Article
Small Language Models as Control Planes: Designing Cost-Efficient GenAI Orchestration Layers for Enterprise-Integrated Digital Workflows
Generative AI applications such as chatbots and text-to-image systems create demand for GenAI models that address the common information needs of diverse stakeholders in a responsive and personalized manner. Yet the effort to train, host, and serve these models can incur substantial cost and complexity. Many large language models can answer a wide range of questions, but risk being underutilized for specific enterprise workloads. At the same time, enterprise-integrated GenAI services are supporting the digitalization of business processes at an unprecedented scale, revealing latent use cases for specialized models or adjusted configurations of the same model that reflect the cost profiles of these systems. These factors suggest that deploying smaller models to manage the GenAI orchestration layer across an enterprise might yield significant cost savings. A control plane design based on the concept of GenAI orchestration is proposed, along with a set of cost-efficiency principles for implementing this functionality.
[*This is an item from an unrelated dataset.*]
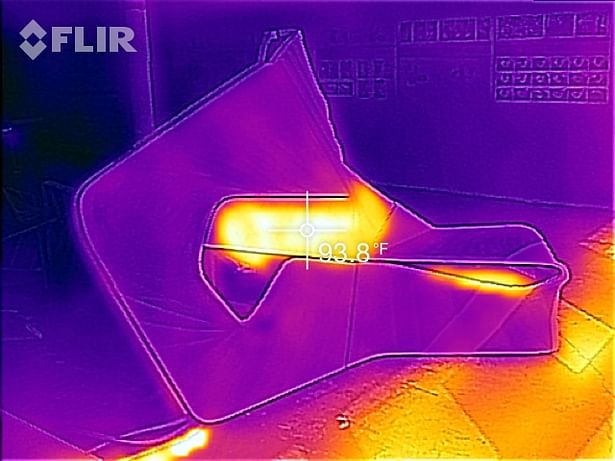 Infrared photo of cool side with warm panel @ abdomen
Control planes are responsible for decision-making and policy enforcement across a distributed system. Making cost-effectiveness an explicit design goal when architecting an orchestration layer introduces additional considerations beyond those that typically inform the design of control planes. Model size, sparsity, quantization, caching, and workload characterization shape the trade-offs governing the overall cost of model execution, create opportunities for realizing cost savings, and identify workload patterns that can further inform cost-saving measures.